Can you verify that there is water in the boiler?  I would suggest that you manually crack the pressure relief at the top of the boiler, but they sometimes don't close completely when you mess with them.


----------



## Nedly (Nov 21, 2014)

ewdudley said:


> Can you verify that there is water in the boiler?  I would suggest that you manually crack the pressure relief at the top of the boiler, but they sometimes don't close completely when you mess with them.

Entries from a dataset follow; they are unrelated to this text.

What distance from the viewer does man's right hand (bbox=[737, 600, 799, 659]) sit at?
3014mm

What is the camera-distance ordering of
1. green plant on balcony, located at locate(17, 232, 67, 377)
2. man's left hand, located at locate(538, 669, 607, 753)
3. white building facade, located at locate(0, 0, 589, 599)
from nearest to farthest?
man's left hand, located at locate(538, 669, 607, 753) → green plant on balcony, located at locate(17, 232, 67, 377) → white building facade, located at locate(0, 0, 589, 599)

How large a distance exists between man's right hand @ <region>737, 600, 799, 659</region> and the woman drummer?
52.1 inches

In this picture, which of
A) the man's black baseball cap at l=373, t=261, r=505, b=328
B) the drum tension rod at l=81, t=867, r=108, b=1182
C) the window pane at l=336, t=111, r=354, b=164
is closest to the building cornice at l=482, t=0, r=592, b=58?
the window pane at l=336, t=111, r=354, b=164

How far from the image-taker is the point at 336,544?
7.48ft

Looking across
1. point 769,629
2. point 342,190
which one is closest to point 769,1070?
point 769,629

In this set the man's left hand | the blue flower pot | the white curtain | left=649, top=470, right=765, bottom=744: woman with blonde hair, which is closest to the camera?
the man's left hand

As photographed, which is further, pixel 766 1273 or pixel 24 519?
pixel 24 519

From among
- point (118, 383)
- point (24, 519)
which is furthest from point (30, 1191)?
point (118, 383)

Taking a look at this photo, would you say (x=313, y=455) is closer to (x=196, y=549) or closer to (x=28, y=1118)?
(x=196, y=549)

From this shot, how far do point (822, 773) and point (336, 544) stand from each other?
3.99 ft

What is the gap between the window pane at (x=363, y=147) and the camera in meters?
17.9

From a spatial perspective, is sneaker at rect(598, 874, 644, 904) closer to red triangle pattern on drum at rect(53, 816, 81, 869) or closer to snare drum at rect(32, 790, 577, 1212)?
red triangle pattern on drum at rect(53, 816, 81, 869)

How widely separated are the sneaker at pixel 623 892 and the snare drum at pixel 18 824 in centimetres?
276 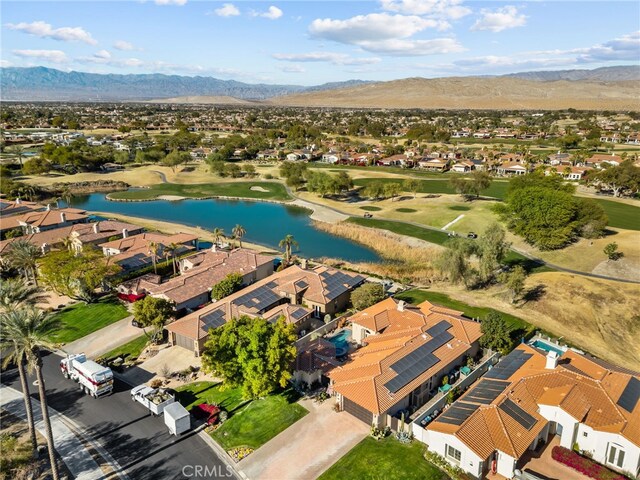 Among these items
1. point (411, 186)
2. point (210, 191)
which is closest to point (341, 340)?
point (411, 186)

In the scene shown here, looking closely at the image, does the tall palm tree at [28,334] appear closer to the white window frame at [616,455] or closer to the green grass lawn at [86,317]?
the green grass lawn at [86,317]

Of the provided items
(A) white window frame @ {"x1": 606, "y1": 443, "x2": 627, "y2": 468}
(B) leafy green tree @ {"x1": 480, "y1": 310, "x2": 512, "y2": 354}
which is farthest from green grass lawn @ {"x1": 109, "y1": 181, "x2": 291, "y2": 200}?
(A) white window frame @ {"x1": 606, "y1": 443, "x2": 627, "y2": 468}

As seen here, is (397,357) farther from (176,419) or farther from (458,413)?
(176,419)

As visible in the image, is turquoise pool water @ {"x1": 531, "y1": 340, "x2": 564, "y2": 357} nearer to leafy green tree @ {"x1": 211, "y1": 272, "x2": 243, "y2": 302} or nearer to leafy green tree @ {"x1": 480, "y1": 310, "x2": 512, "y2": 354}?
leafy green tree @ {"x1": 480, "y1": 310, "x2": 512, "y2": 354}

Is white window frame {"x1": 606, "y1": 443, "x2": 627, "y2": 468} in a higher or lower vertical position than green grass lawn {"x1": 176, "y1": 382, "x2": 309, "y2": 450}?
higher

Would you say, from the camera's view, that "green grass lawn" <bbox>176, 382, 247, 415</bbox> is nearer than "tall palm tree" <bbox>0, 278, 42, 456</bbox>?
No

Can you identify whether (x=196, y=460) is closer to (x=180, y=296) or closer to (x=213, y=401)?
(x=213, y=401)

I just did that, I have two, one right out of the boiler and another on the line, both let out pressure and water.


----------



## Nedly (Nov 21, 2014)

If my blower motor was not working at all the fuel would cook the system right? I have no way to tell if for certain the fan is working.


----------



## Nedly (Nov 21, 2014)

I do not think it is the circulators, they power on and I can purge water. The pipes to get hot, but the system does not run long enough to get it all about the zones. It over heats rapidly in an 'out of control' like fashion until it over heats which happens fast, usually no more than 15 mins. Back when it worked it took 45 mins+ to get it into the zones..


----------



## ewdudley (Nov 21, 2014)

R Mannino said:


> I'm guessing a bad motor on the burner. With power at B1 on the aquastat the burner should be running.


----------



## Nedly (Nov 21, 2014)

I heeded that info, but when I initially tested those B terminals I did not have the system running, I simply had some of the electrical components powered on...


----------



## ewdudley (Nov 21, 2014)

Just so we're clear, when you say it is overheated what does the gauge next to the aquastat read?


----------



## maple1 (Nov 21, 2014)

Nedly said:


> I am trying to keep up hold in there with me!
> Water does seem to be heating the pipes and circulating but does not reach the tap system, it is as if it does not run long enough to fill the system.
> 
> The led sensor is fine as I replaced it.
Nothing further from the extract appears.